-- Supplied data follows --

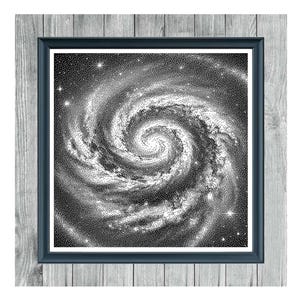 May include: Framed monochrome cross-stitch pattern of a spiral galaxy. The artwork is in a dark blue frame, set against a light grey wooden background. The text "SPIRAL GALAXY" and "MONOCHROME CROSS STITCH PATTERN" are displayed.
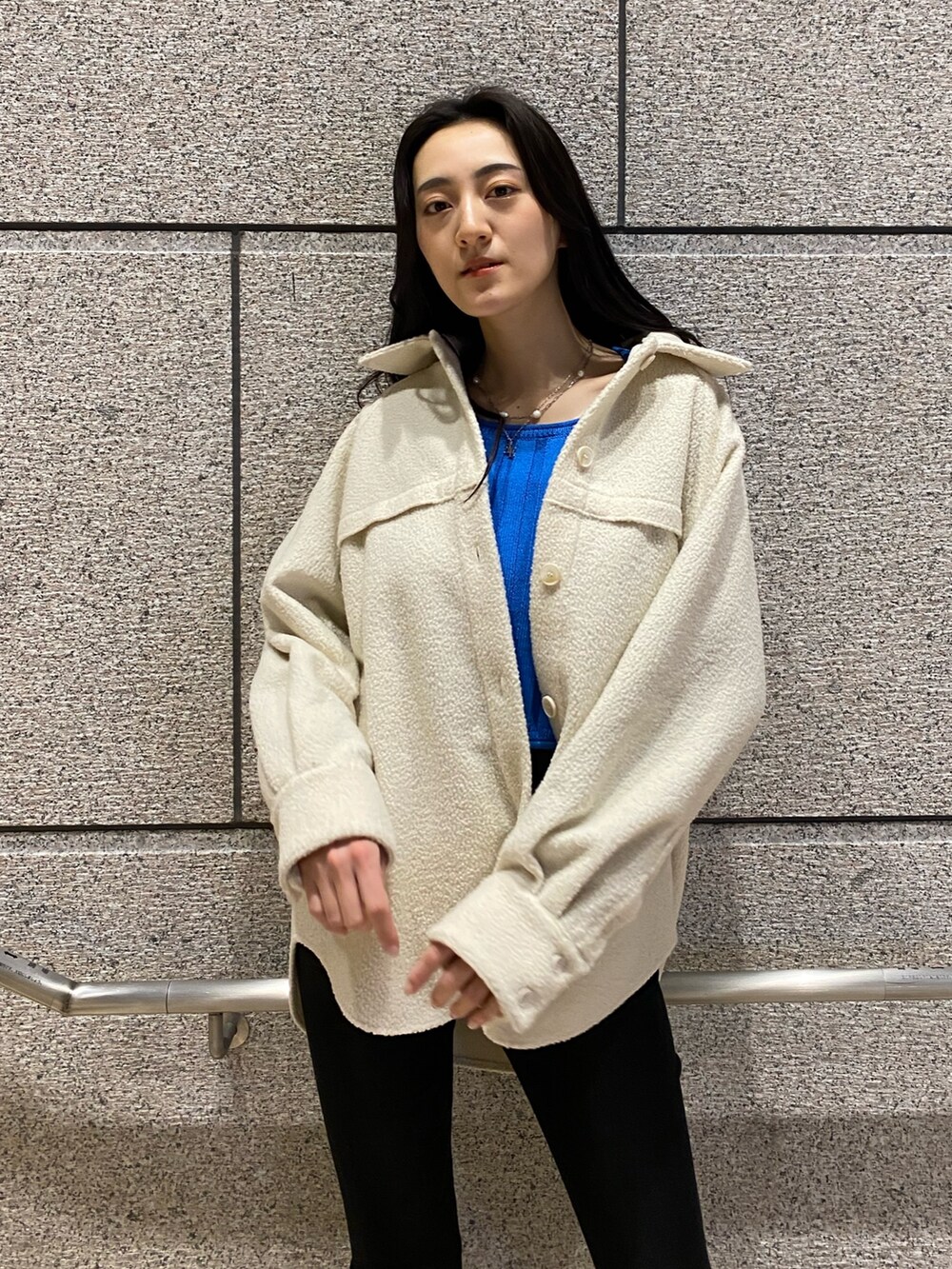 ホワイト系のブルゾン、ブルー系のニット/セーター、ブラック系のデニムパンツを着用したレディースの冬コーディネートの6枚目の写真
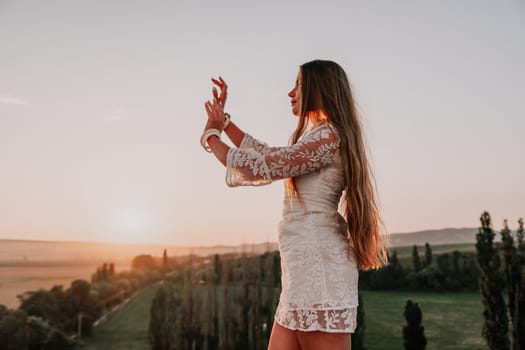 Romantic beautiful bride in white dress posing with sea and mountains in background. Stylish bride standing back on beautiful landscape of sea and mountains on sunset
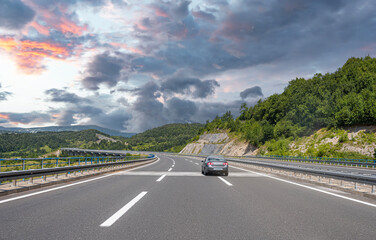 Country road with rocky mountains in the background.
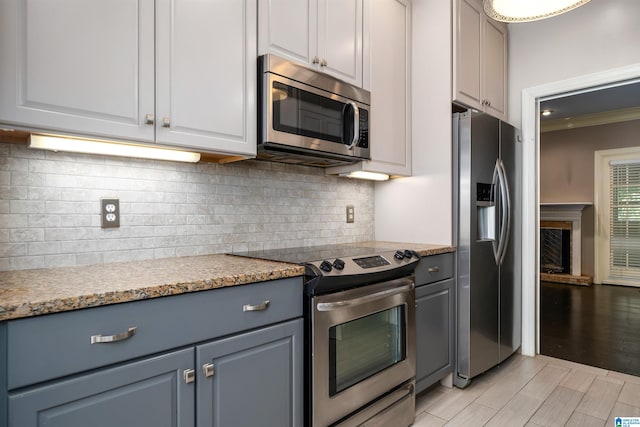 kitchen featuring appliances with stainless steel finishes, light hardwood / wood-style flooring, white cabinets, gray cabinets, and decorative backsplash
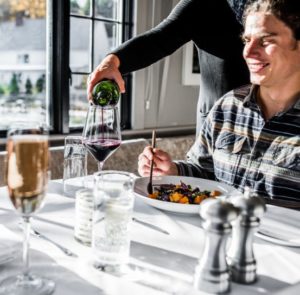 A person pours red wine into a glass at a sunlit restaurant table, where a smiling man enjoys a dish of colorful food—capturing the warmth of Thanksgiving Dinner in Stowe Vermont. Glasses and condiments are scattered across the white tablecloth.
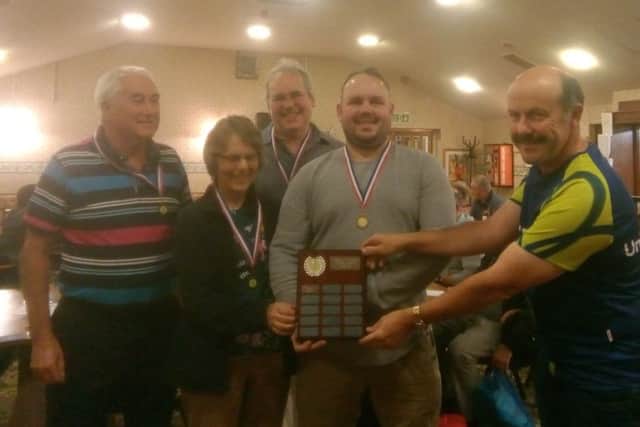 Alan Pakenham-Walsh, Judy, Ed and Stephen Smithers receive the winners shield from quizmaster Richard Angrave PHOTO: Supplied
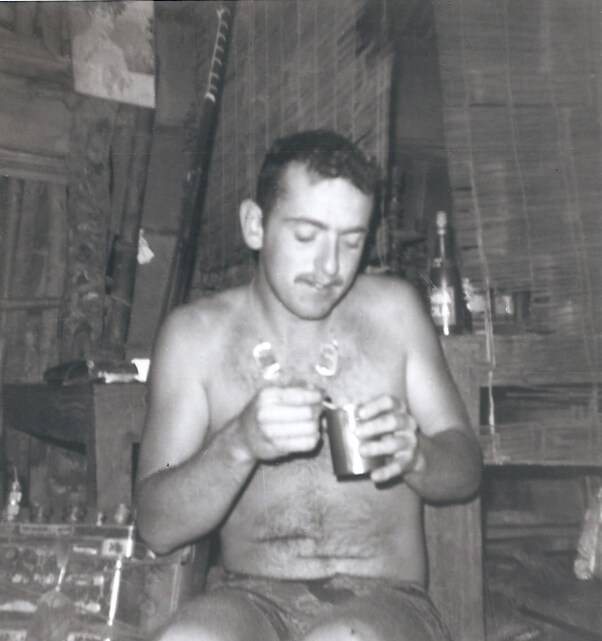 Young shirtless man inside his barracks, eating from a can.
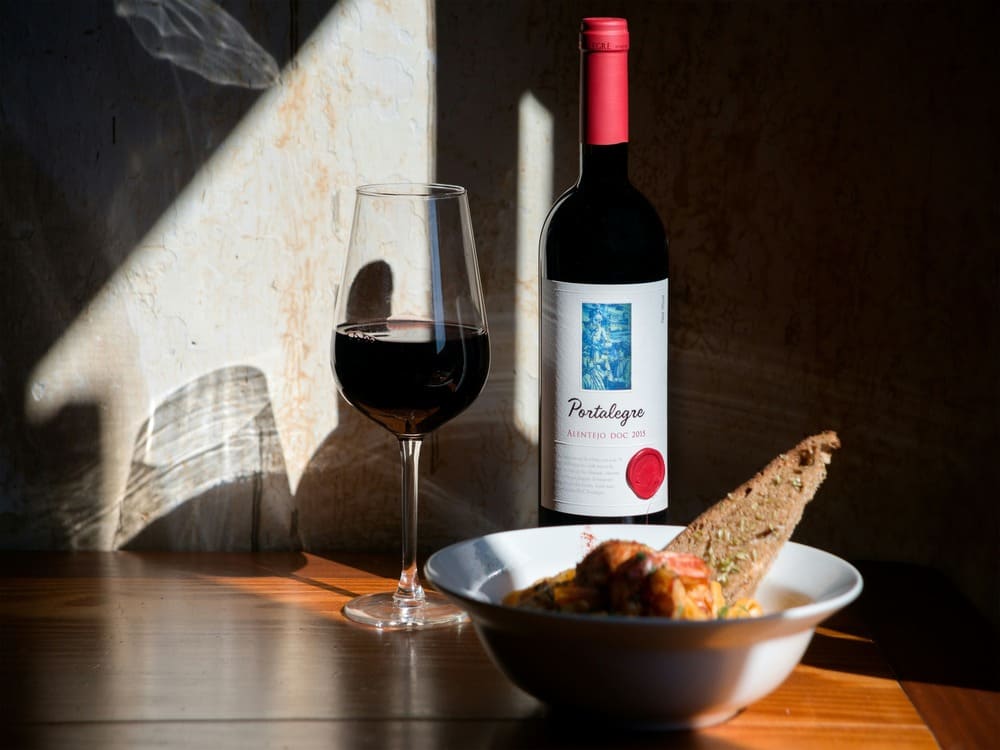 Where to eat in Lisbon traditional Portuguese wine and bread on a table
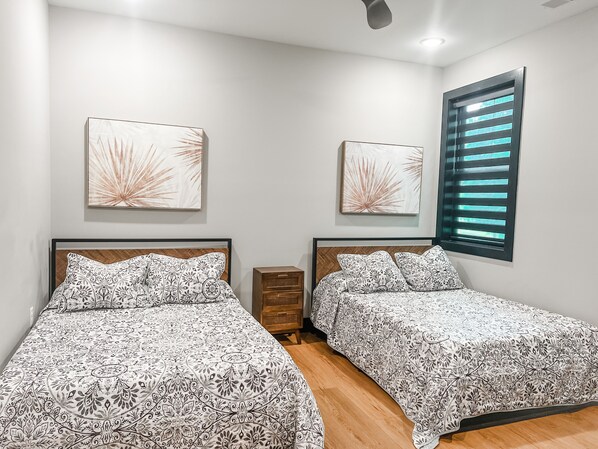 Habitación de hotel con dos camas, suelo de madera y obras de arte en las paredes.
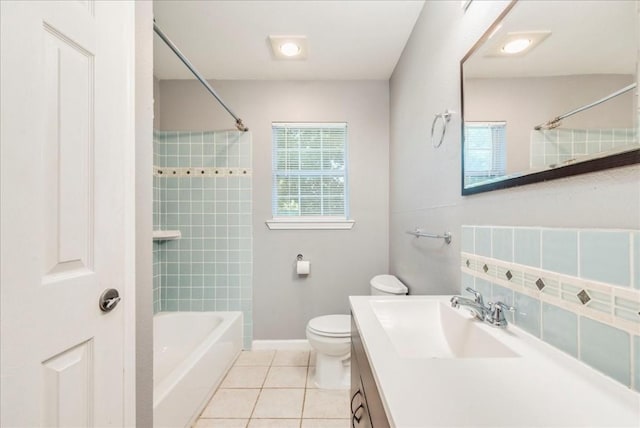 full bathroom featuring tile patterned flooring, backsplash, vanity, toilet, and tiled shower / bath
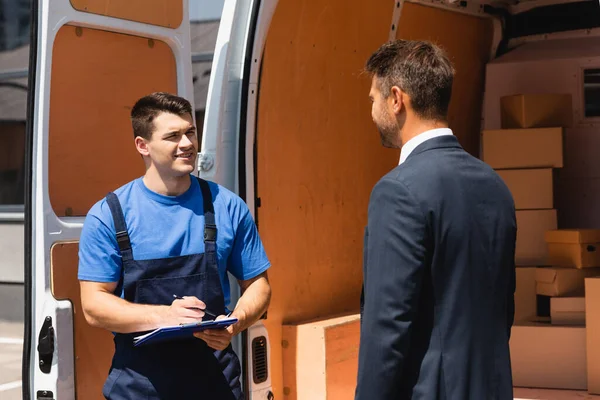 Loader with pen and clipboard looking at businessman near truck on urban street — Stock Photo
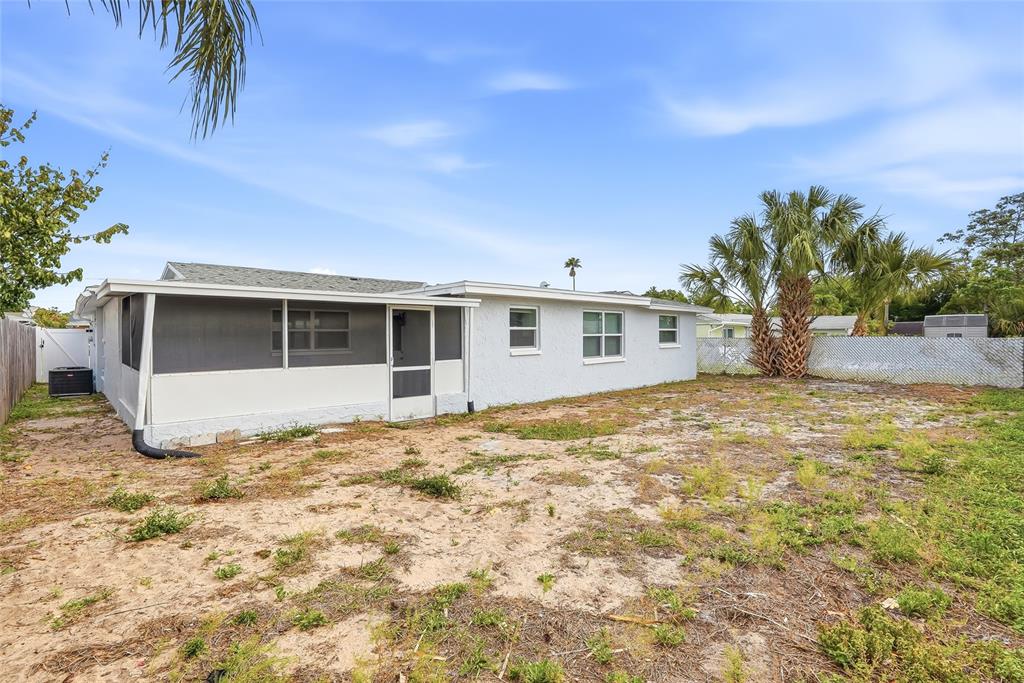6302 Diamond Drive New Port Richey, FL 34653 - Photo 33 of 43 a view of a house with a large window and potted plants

-- Supplied data concluded --

• _Try it_: Repeat only the lines from the one with "Habitación de hotel" through the end of the data, both included and exactly as written. Pictures stay out of the copy.

• _Written solution_:
 Habitación de hotel con dos camas, suelo de madera y obras de arte en las paredes.
 full bathroom featuring tile patterned flooring, backsplash, vanity, toilet, and tiled shower / bath
 Loader with pen and clipboard looking at businessman near truck on urban street — Stock Photo
6302 Diamond Drive New Port Richey, FL 34653 - Photo 33 of 43 a view of a house with a large window and potted plants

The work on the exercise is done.